You are viewing a plain text version of this content. The canonical link for it is here.
Posted to regexp-user@jakarta.apache.org by Jim K <ji...@gmail.com> on 2006/10/10 21:26:38 UTC

Bad character class exception on pattern that works for JDK's Pattern class

I'd like to use a email validation pattern that I came across on a Perl users
board.  It works just fine with Java's regex.Pattern class but fails to compile
when using Apache Regexp.  The RECompiler class returns a Bad character 
exception.  

The pattern I'm trying to use is:

^([0-9a-zA-Z]([-.\\w]*[0-9a-zA-Z])*@([0-9a-zA-Z][-\\w]*[0-9a-zA-Z]\\.)+[a-zA-Z]
{2,9})$

If I strip out all the groups then RE will accept the pattern.  I know that RE
supports groups, but maybe not nested groups?
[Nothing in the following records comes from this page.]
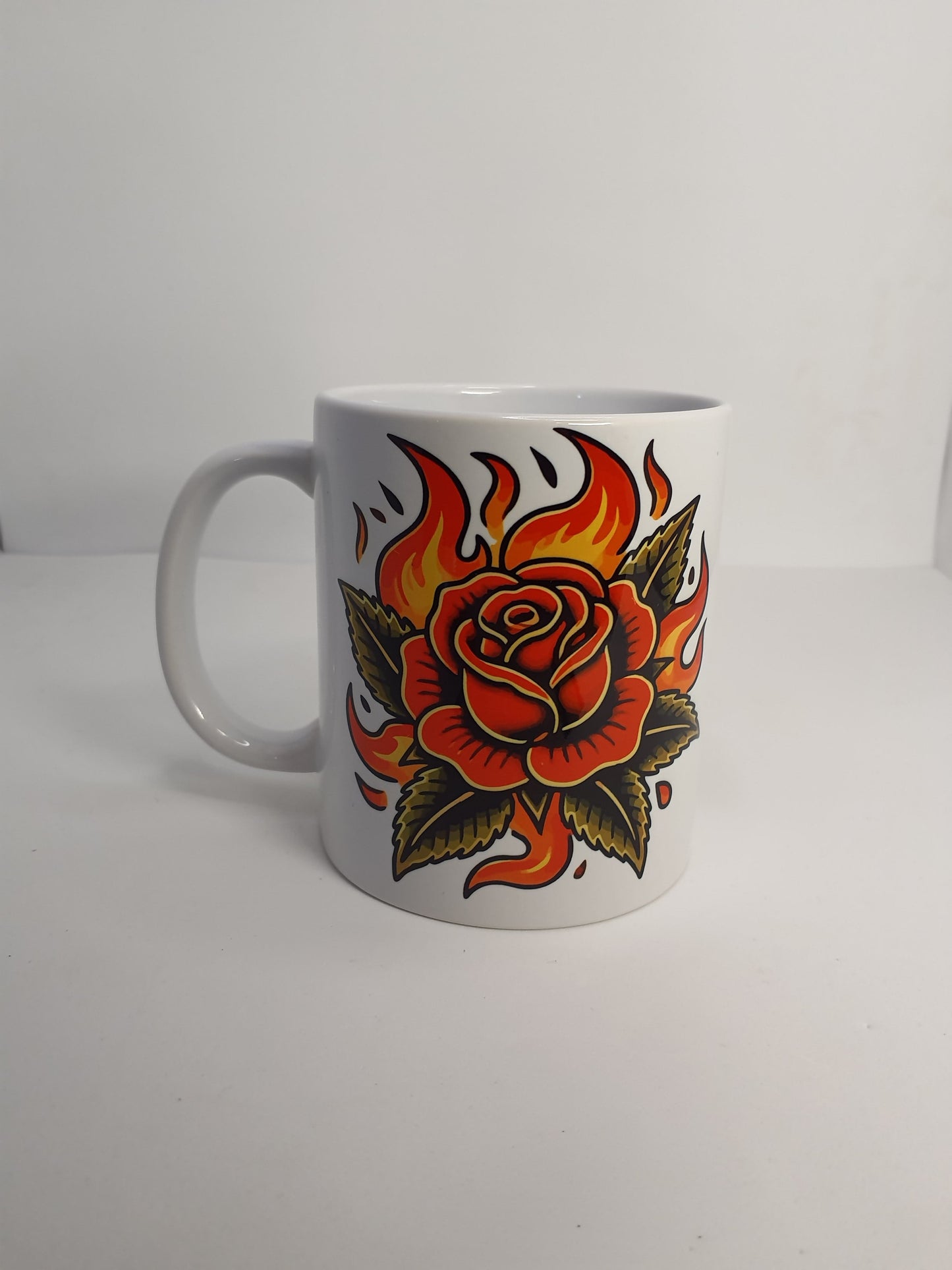 Taza Diseño Rosa Old School Tattoo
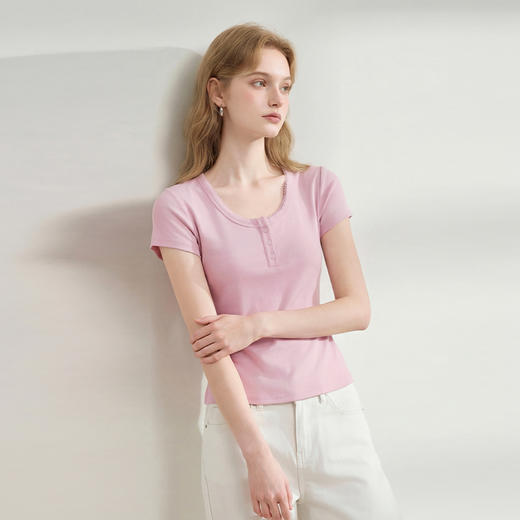 西遇简约韩系女夏季2026夏季新款修身纯欲辣妹U领短款打底上衣T恤H0060225 商品图3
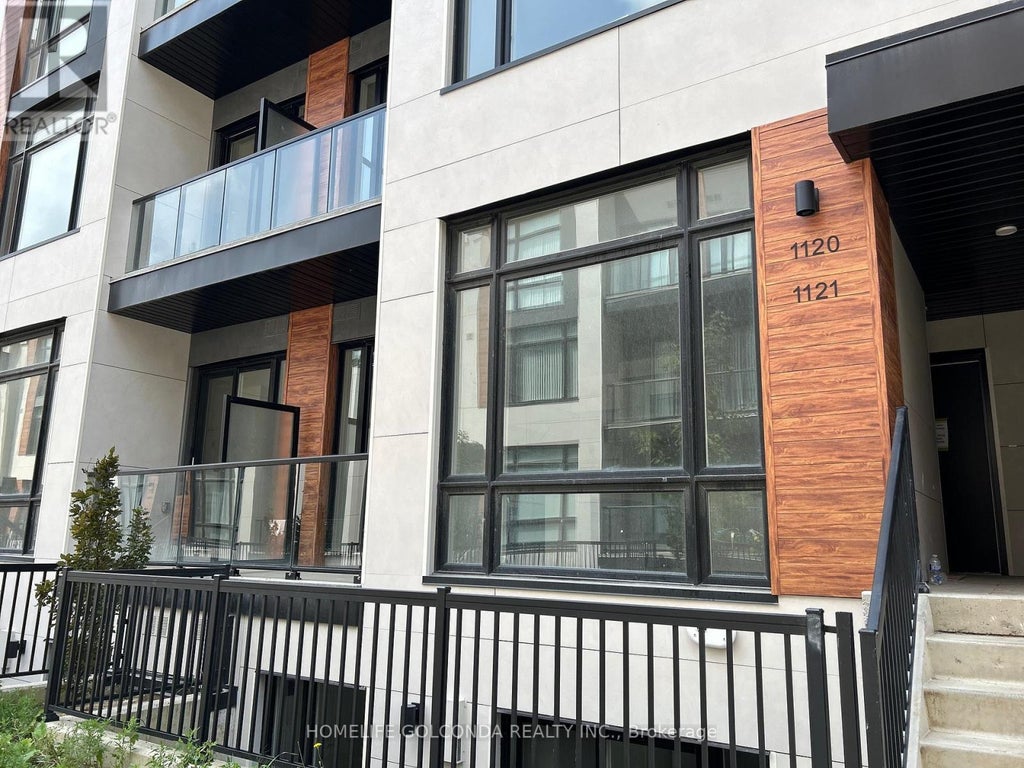 1121 - 12 David Eyer Road, Richmond Hill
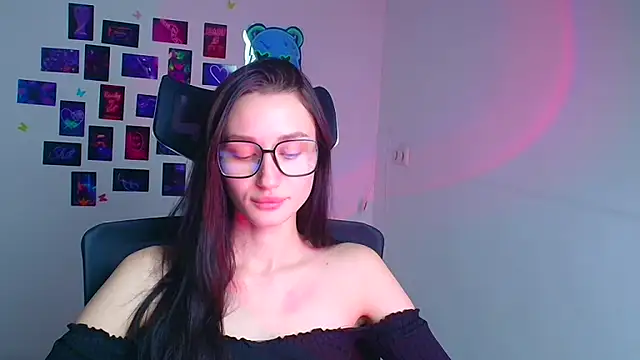 Stella XO online show from December 20, 2025, 6:38 am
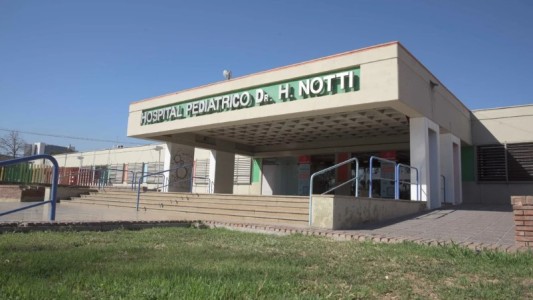 Mendoza: una nena de dos años sufrió la amputación de su brazo derecho tras introducirlo en un secarropas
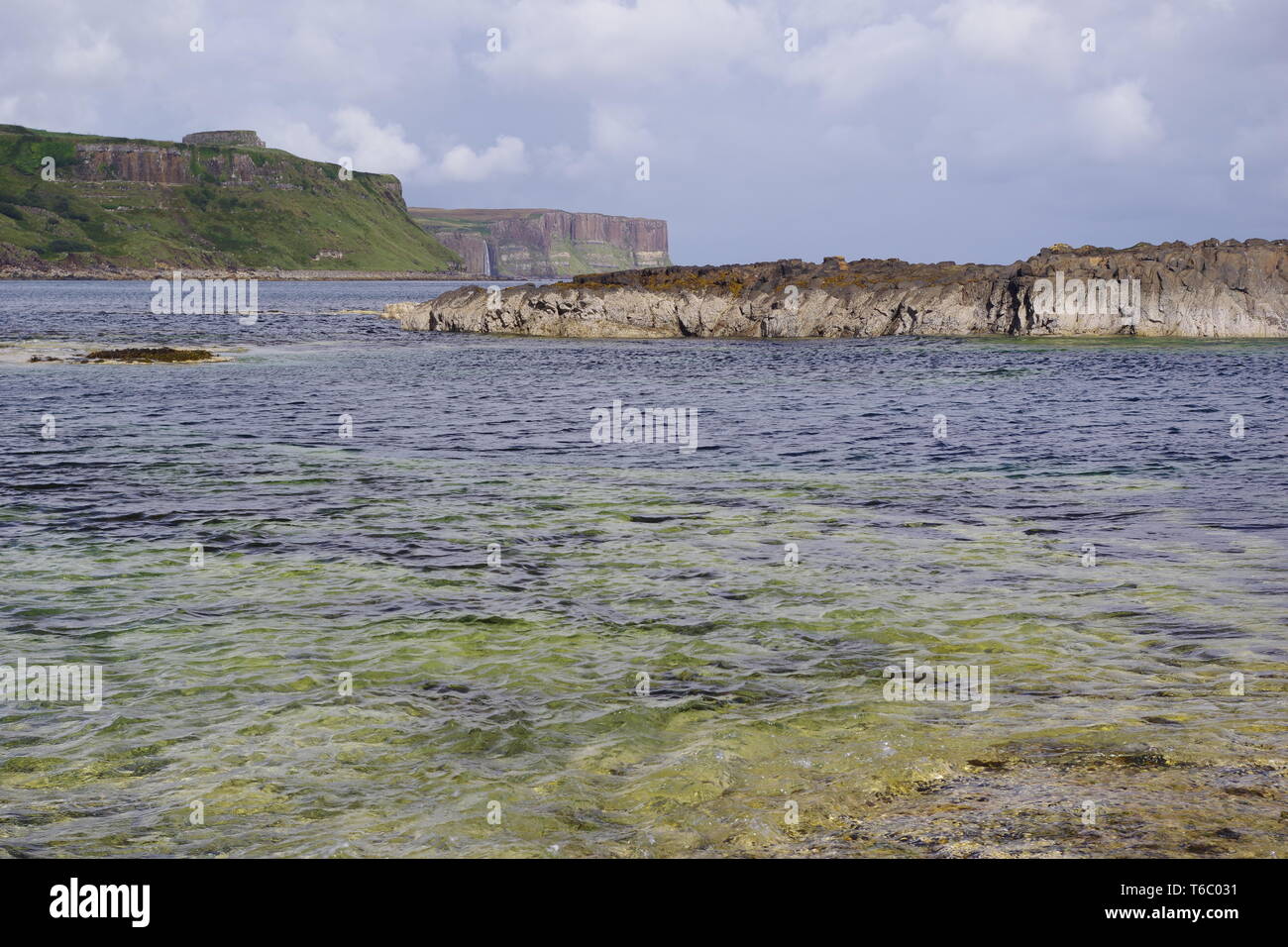 Kilt Rock und Mealt fällt unter einem Regenbogen aus Rubha nam Brathairean (Brüder) North East Skye, inneren Hebridies, Schottland, Großbritannien. Stockfoto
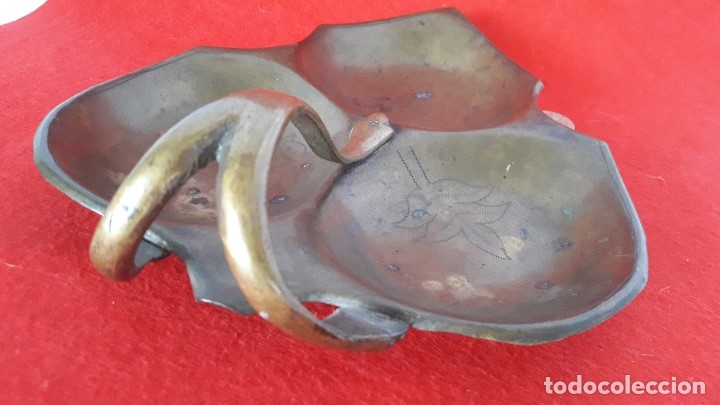 Antig&uuml;edades: BANDEJA DE BRONCE EN FORMA DE HOJA CON 3 SENOS - Foto 2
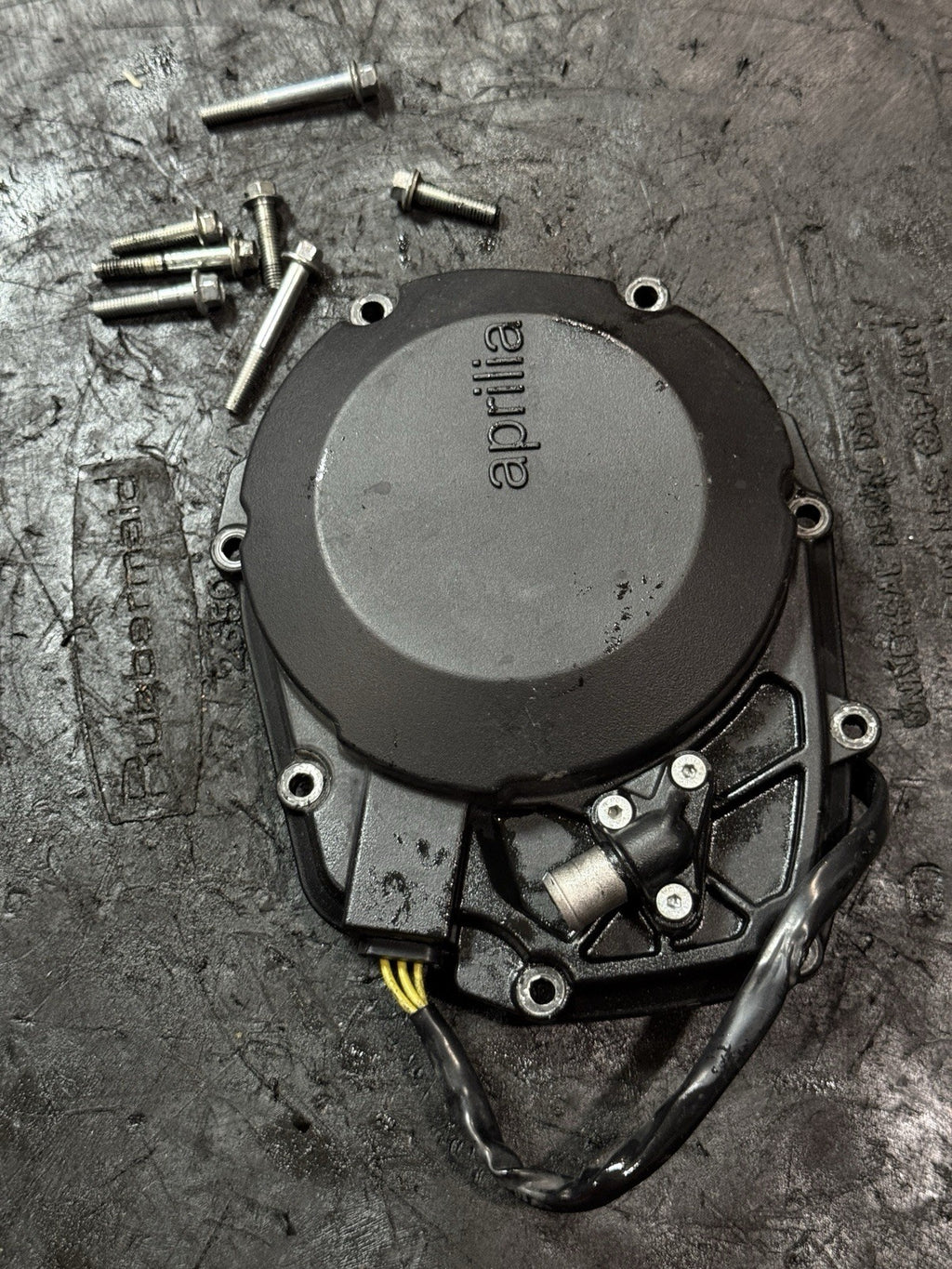 2015-2016 Aprilia RSV4 OEM Stator Generator Alternator Engine Cover Genuine10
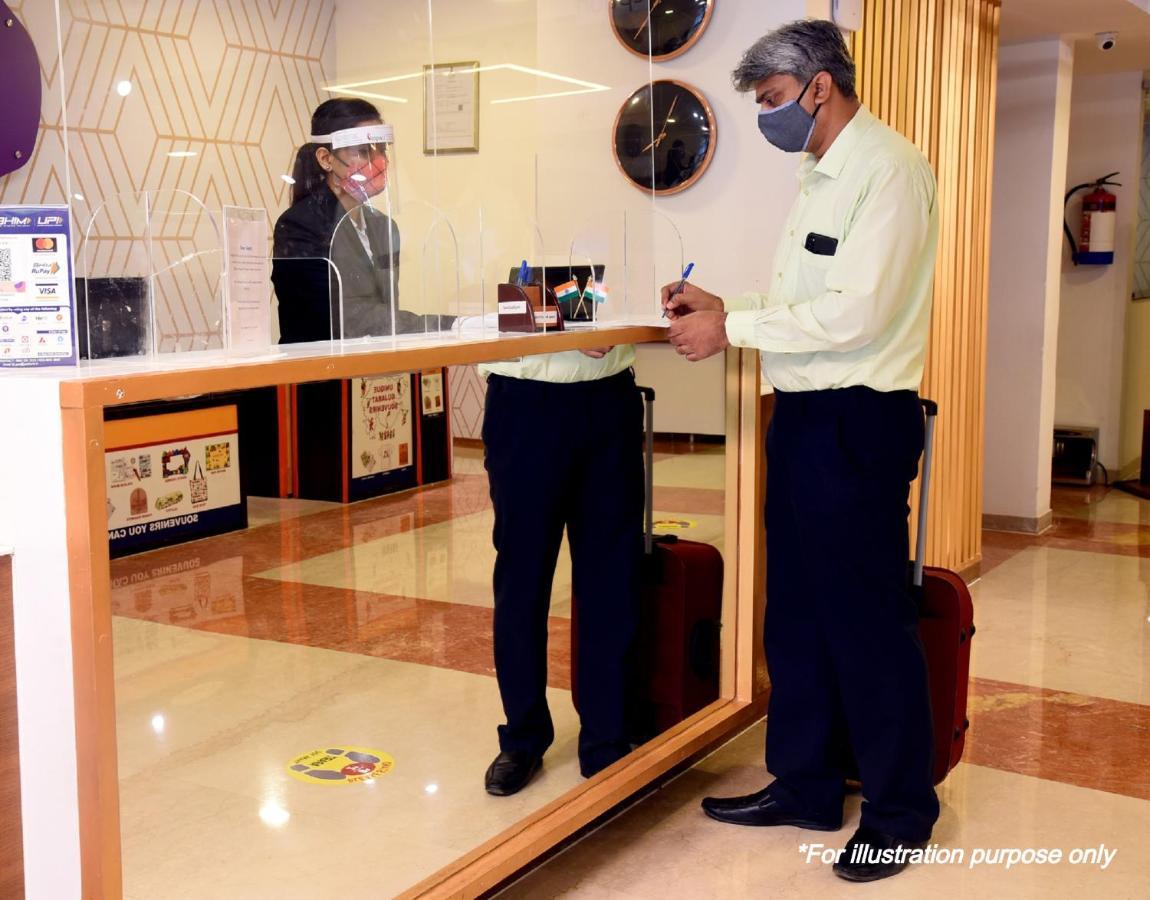 Oyo Midway Park Resort Atgaon エクステリア 写真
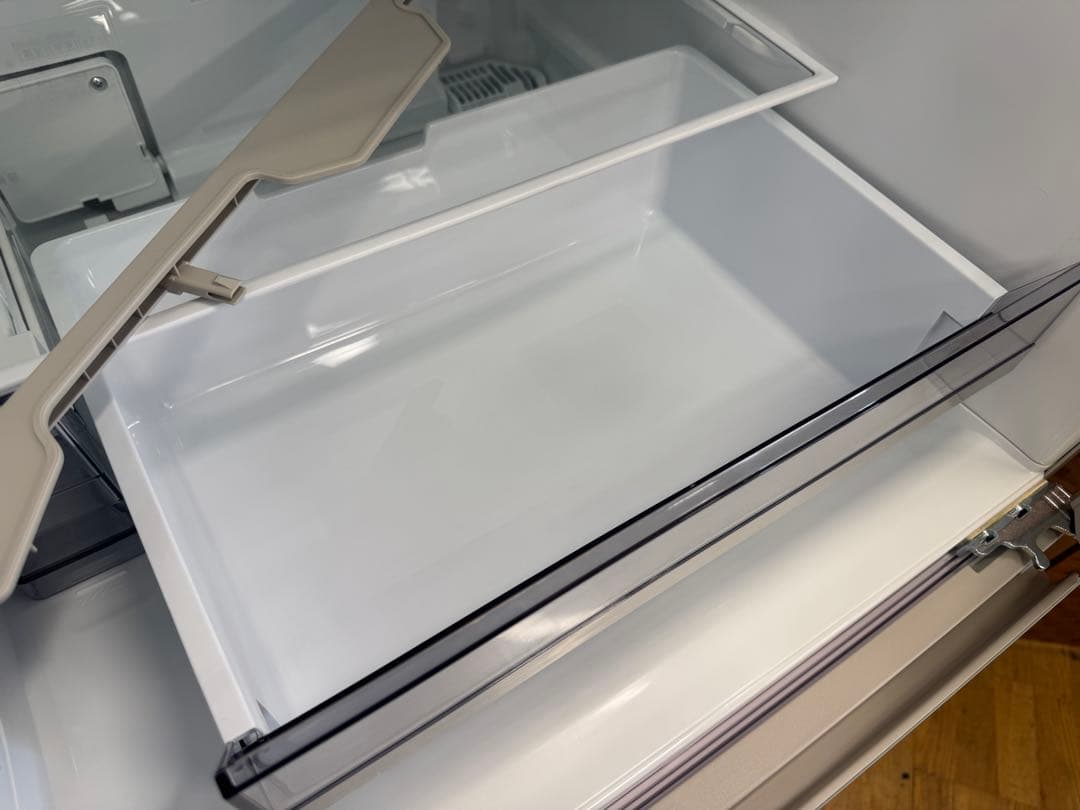 F052 超美品‼️ TOSHIBA ３ドア　冷蔵庫　2024年　356L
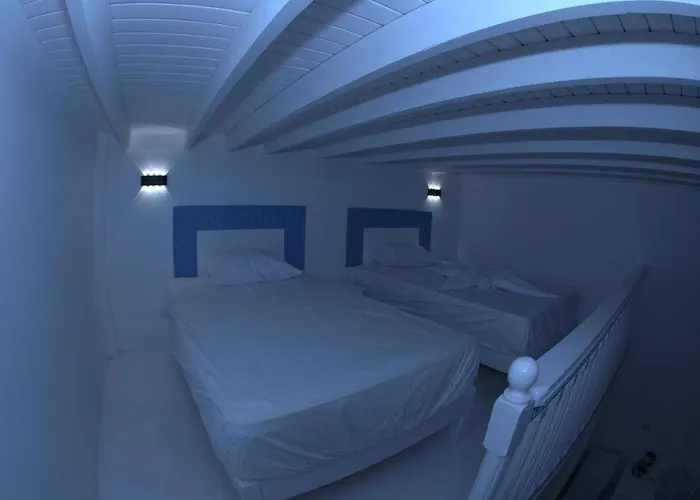 Hotel Greek Club Camp
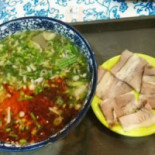 Mǎ Zi Lù Niú Ròu Miàn Huǒ Chē Zhàn Diàn Comida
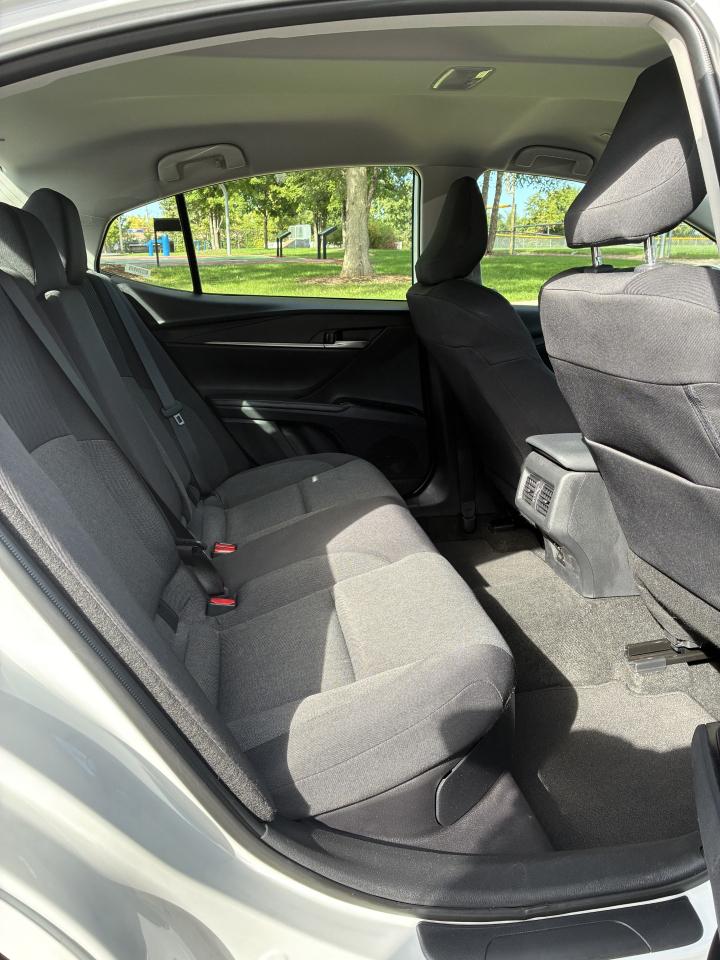 Toyota Camry Hybrid LE 2026
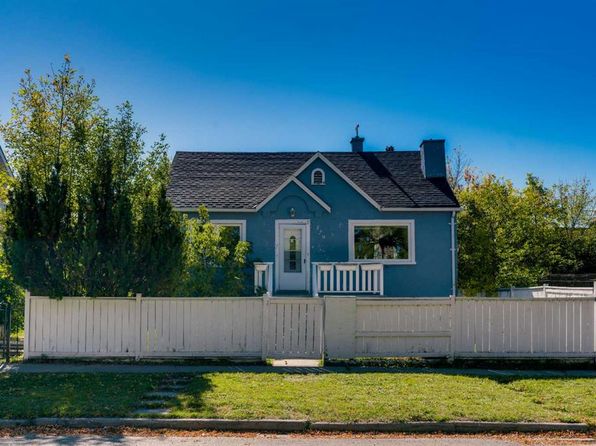 129 N 18th Ave NW, Calgary, AB T2M 0S9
---------------------------------------------------------------------
To unsubscribe, e-mail: regexp-user-unsubscribe@jakarta.apache.org
For additional commands, e-mail: regexp-user-help@jakarta.apache.org


Re: Bad character class exception on pattern that works for JDK's Pattern class

Posted by Jim K <ji...@gmail.com>.
Hi Reuben-

Thanks for the continued support.  With your help I've been able to complete the
remaning changes to the regexp to get it to work just like the ORO and Java
implementations:

^([0-9a-zA-Z]([\-\.\w]?[0-9a-zA-Z])*@([0-9a-zA-Z][\-\w]*[0-9a-zA-Z]\.)+[a-zA-Z]
{2,9})$


At this point all my positive and negative unit test cases run identically
across all three libraries.

Jim


---------------------------------------------------------------------
To unsubscribe, e-mail: regexp-user-unsubscribe@jakarta.apache.org
For additional commands, e-mail: regexp-user-help@jakarta.apache.org


RE: Bad character class exception on pattern that works for JDK's Pattern class

Posted by Reuben Sivan <li...@reubensivan.com>.
Jim,

Apparently the workaround I suggested the other day wasn't the best one, as
it allowed you to compile but then failed at match-time.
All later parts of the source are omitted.